First Case Studio
Rebranding for a Fintech Startup
Building trust through visual identity redesign
Payment platform for influencer marketing collaborations
1. Identifying the credibility crisis
The company was launching a PayPal-like payment tool for brands, agencies, and influencers. Despite having a solid product idea, the inconsistent brand identity made every ad and social post look like a scam, actively damaging trust with potential clients in an industry where credibility is everything.
I identified this issue within my first two months as Junior UX/UI Designer and convinced the partners to explore rebranding options, despite initial resistance.
2. From rejection to approval
Initial approach: Led a team of 2 design interns to develop 3 rebranding concepts after researching fintech competitors.
Pivot: First proposals were rejected as "too bold," but the presentation convinced partners the current identity was hurting business.
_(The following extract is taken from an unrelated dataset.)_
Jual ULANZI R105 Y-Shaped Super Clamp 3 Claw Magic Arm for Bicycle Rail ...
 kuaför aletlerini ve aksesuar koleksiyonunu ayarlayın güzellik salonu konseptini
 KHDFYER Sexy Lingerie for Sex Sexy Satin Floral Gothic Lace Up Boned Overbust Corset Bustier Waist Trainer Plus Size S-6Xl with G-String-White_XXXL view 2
Given one week to create a new proposal maintaining some existing elements while solving credibility issues.
Result: Final proposal was approved and praised by the initially skeptical partners.
Timeline: ~2 months from pitch to approval, plus several months for implementation.
3. The new system
Complete visual overhaul:
- Logo: Scalable, flat-color design with horizontal, vertical, square, and circular versions.
- Color palette: Web-safe colors with defined usage percentages, reduced scattered usage to structured system.
- Typography: Standardized from 6-7 inconsistent fonts to 2 typefaces.
- Asset library: Icon and image libraries for consistent marketing.
Impact:
- Approved by initially resistant partners who later congratulated the team.
- Positive external feedback from clients and industry.
- Notable improvement in social media and website reputation.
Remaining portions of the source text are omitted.